Bruce Allen praises a new translation of Tolstoy's War And Peace by Anthony Brigg:

"The general reader may be assured that this War and Peace marches along smartly, and that once you are 100 pages or so into its beguiling complexities, no escape is possible—at least until one is faced with whether to attempt the final 40 pages, in which the theory of history (that our actions are determined by external forces, and our freedom is thus limited), argued rather too insistently in the novel’s latter chapters, takes center stage."

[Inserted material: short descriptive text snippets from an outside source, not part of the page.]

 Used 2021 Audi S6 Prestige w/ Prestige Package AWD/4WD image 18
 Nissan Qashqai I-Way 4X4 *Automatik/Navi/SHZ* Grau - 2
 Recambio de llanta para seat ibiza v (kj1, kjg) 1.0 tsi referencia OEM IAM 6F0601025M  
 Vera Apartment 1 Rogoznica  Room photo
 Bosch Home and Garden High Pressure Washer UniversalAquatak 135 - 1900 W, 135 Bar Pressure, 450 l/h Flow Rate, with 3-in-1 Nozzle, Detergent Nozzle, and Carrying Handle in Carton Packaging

Which reminds one: someone should really make available online David Remnick's excellent 'The Translation Wars' (The New Yorker, November 7) where he discusses English translations of Russian literature, from Constance Garnett to the admirable duo of Larissa Volokhonsky and Richard Pevear.

Tuesday, January 03, 2006

Now, If Only We Could Locate Hurree Babu

From Maud Newton, a link to an account of David Morphet's journey to a graveyard in Mumbai where he discovers the original of Kim's Lurgan Sahib:

"We examined the flat white marble slab. It recorded the death in Bombay in 1921 of Mr AM Jacob of Simla, who had been born (no date given) 'at Diarbekir - Turkey'. That was all. At one point, Jacob had become rich through his trade in precious stones, but a court case involving sale of a diamond to the Nizam of Hyderabad had ruined him and he died in poverty. In the book, Kim tries without success to discover who Lurgan really was. Jacob's precise services to the Raj are still unknown. Nor has the curio shop in Simla been identified. Mysteries remain."

Mrs Paul Auster's Turn

In the San Francisco Chronicle, Jennie Yabroff heaps praise on a new book of essays dealing with literature and identity by novelist and art critic Siri Hustvedt:

"In every art," Hustvedt writes, "including the art of fiction, there's always somebody watching." It is this voyeur figure...who makes the action real for the actors....She expands this theory to the human condition in general in the final piece in the collection, "Extracts From a Story of the Wounded Self," when she writes, quoting a character from her novel What I Loved, "Descartes was wrong. ... It's not 'I think therefore I am.' It's 'I am because you are.' " Here at last she resolves the problem of the personal versus impersonal, the self versus the world: In writing, in art and in life, they are inextricably intertwined. It's too bad more writers don't share this idea.

Language, The New Alcohol

"I felt horrible, I drank, I passed out, I woke up, I felt horrible, I drank ... it was a helix I couldn't get out of. But I don't have morbid thoughts any more, despite being a pessimist at heart. Writing is excavation for me, it makes me feel better. Although it's not therapy, I believe language liberates me from my demons."

- Rick Moody on his new life

Reading Kafka

Norman Sherry famously spent years tracking down everything Graham Greene did and said to produce his biography of the author. Now, it looks like Franz Kafka may have found a similar biographer: Reiner Stach. Reviewing the first of his proposed three-volume life, Marco Roth concludes:

"One could credit Stach with a bold anti-interpretative stance if he weren't so aware of having missed the figure of Kafka among all the ruins of his life. Here is a definitive biographer who at least has the odd grace to acknowledge his own predicament. 'A profusion of data can obscure our view, have a mind-numbing effect and stifle new ideas,' he writes. 'Consider that Walter Benjamin's extraordinary sketches about Kafka were written without any knowledge of the particulars of Kafka's life.' Sometimes it's better to love a writer than to know him."